La somma 2), invece, và nel conto economico della banca; una parte, sotto forma di imposte (supponiamo 9.594 €), andrà allo Stato (si spera), mentre l'altra (supponiamo 14.390 €) compenserà giustamente la banca, che ne disporrà a suo piacimento, magari investendola per uno stabilimento industriale in Cina.

Ipotizziamo che NON ci sia nessun altro, dopo di me, che si indebita.

Tutto a posto?

NO!

La nostra società (quella europea) si trova, rispetto alla configurazione precedente al “mio mutuo” con 14.390 € in meno. La mia operosità è servita a depauperare la collettività nella quale vivo. Bravo!

Più lavoriamo più diventiamo poveri; la moneta migra irresistibilmente, non nelle tasche di chi lavora, bensì in quelle dell'”alta finanza”.

Al di là delle mie responsabilità per avere acceso il mutuo, del quale mi pento, non si può non concludere che il sistema ispirato dal secondo paradigma è matematicamente instabile.

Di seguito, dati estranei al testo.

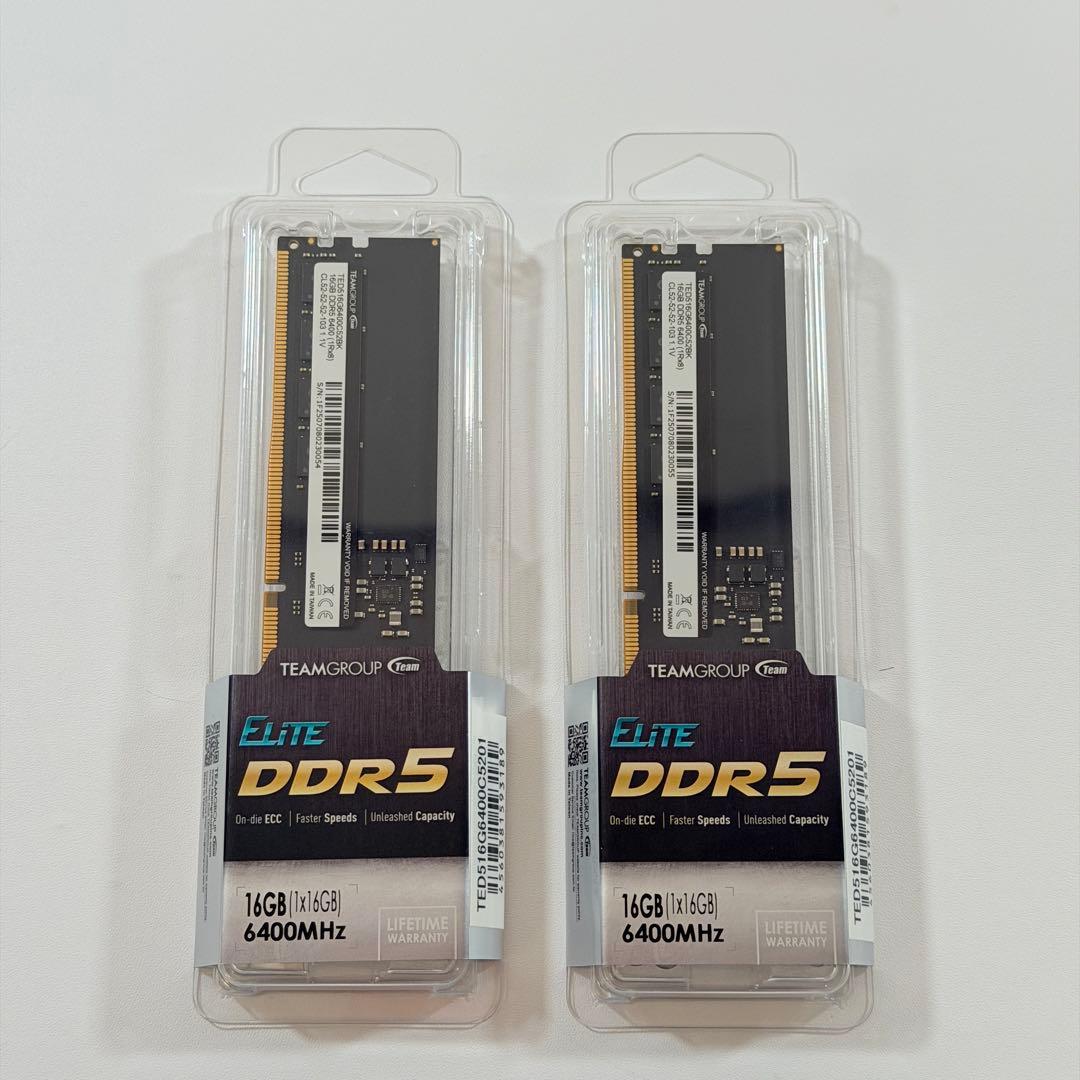 【新品未開封】Team DDR5-6400 16GBメモリx2（32GB）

Se anche la mia banca non avesse portato in Cina quei 14.390 €, ma li avesse investiti per acquistare un palazzo in Italia, il bilancio complessivo del mio mutuo sarebbe:

  • io mi sono fatto l'autorimessa;
  • la banca si è appropriata del palazzo (perché nel frattempo c'è stato qualcun altro che ha avuto la mia stessa brillante idea);
  • i 100.000 € del mutuo sono spariti (se tutto funziona come dovrebbe funzionare);
  • la parte degli interessi percepita dallo Stato in qualche modo viene rimessa in circolo;
  • la moneta a disposizione della società non è cambiata (perché abbiamo ipotizzato che nessun altro, dopo di me, si è indebitato).

Ovvero succede che, un po' alla volta, tutti i beni diventano di proprietà del sistema finanziario, perché la moneta migra in quella direzione.

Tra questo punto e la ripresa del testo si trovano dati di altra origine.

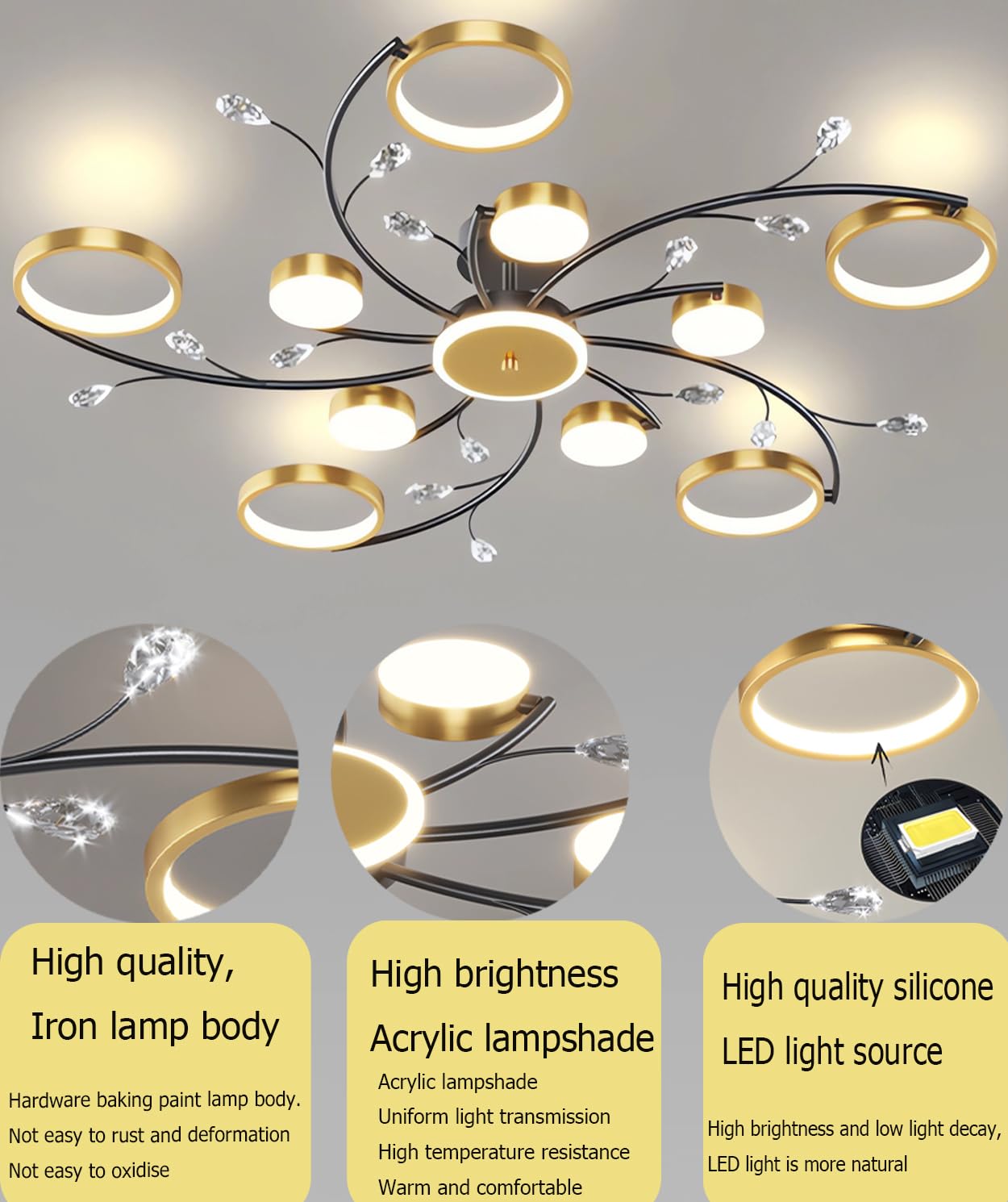 Luce a sospensione di cristallo LED dimmerabile con telecomando regolabile 3000K-6000K 110W Plafoniera a più teste per soggiorno, camera da letto e sala da pranzo (10+1 teste)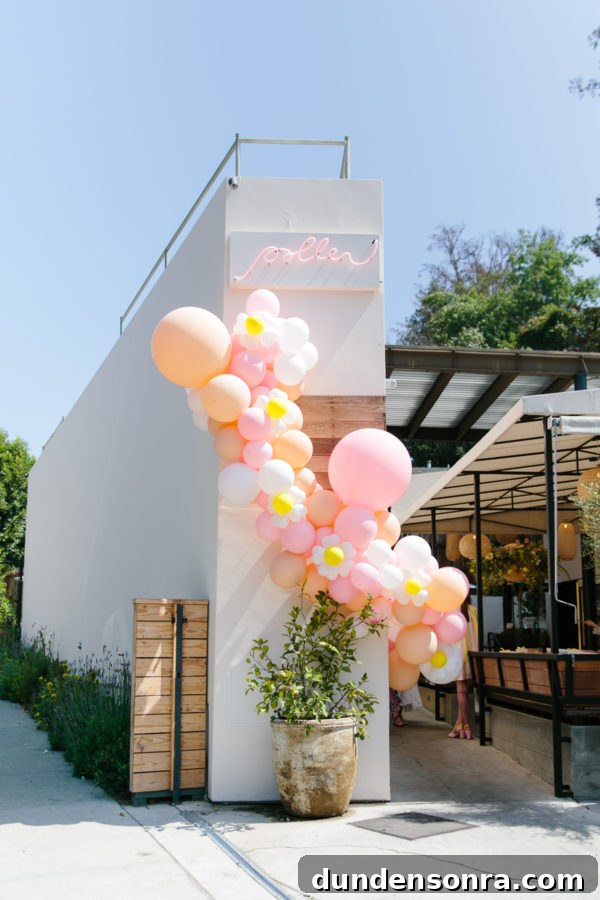 A building with balloons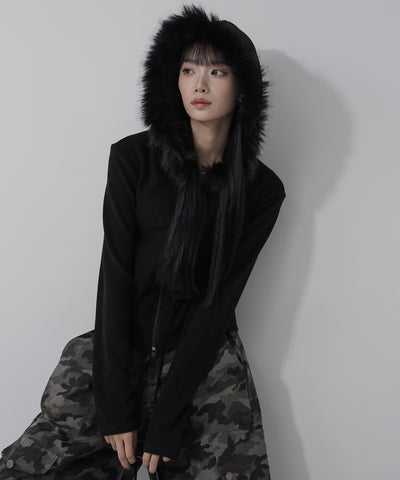 【 ３color 】ファーフードジップアップパーカー ／ fur zipup hoodie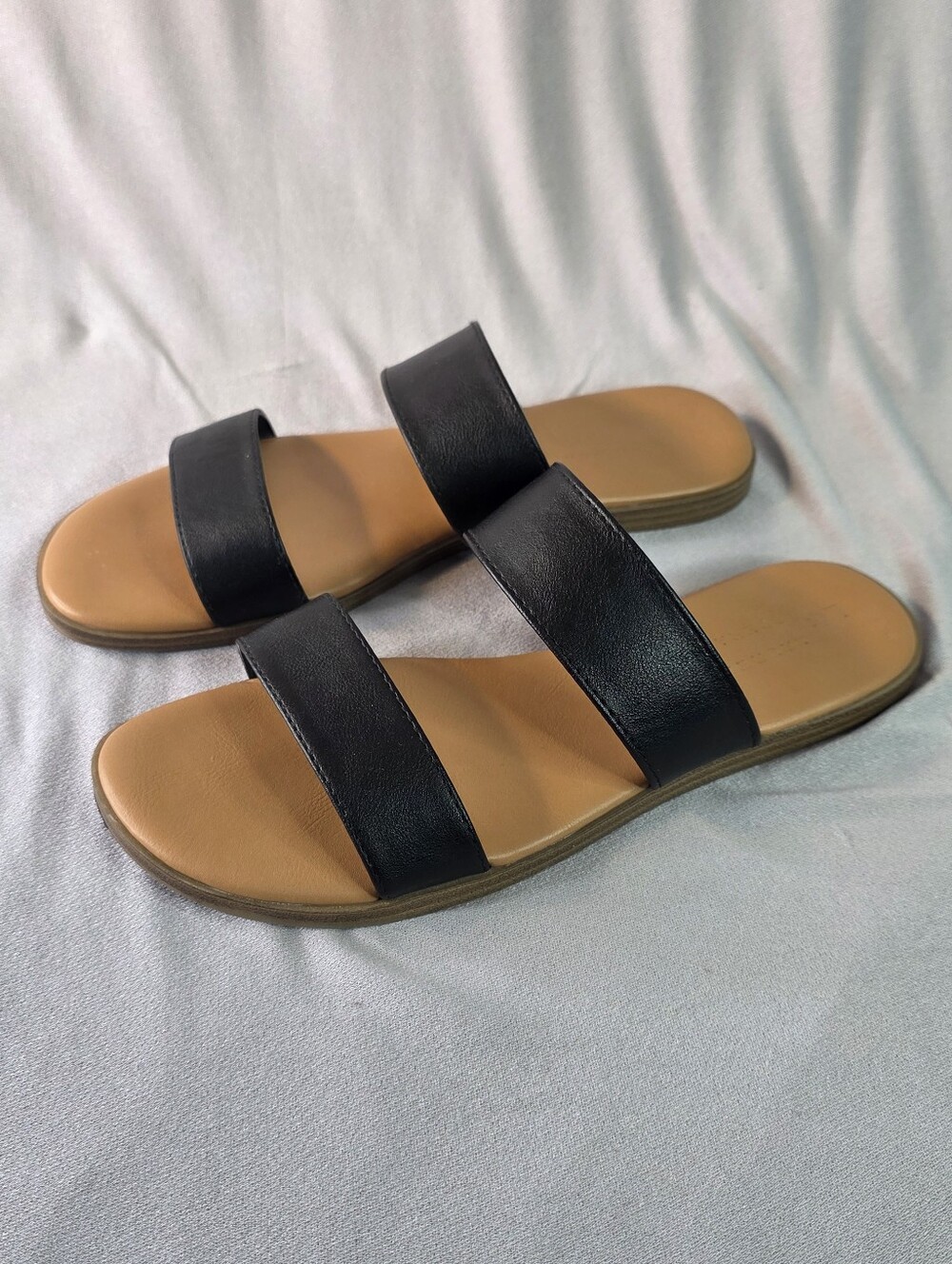 Lauren Conrad Black Memory Foam Double-Strap Slide Sandals Women's Size 8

Per chi non ci crede consiglio di andare in una qualsiasi città ed osservare a chi appartengono i palazzi più prestigiosi.

Avviene la stessa cosa, dal punto di vista dello spread anche se l'operazione non è al 100% creditizia. Non stò a ripetere tutti i passaggi con tutte le numerose varianti.

Si tratta di una vera e propria catena di santantonio del debito. (3)

Cosa bisogna fare per non incorrere in questo tragico sistematico inconveniente?

È necessario che quei 14.390 € (nell'ipotesi tutta da dimostrare che le procedure funzionino tutte alla perfezione - siamo per altro certi che ciò non è) vengano immessi nella società senza indebitare nessuno, ritornando ovviamente al primo paradigma, quello che è inammissibile che il proprietario della moneta (lo Stato) si indebiti per averla.

Uno Stato ha tutta la possibilità di modulare la massa monetaria in modo da raggiungere lo scopo sociale, senza introdurre inflazione e senza indebitarsi. È ora di imboccare questa strada. La crescente popolarità di Ron Paul è assai incoraggiante. Se non si romperà questo incantesimo dovremo rassegnarci, prima o poi, al collasso.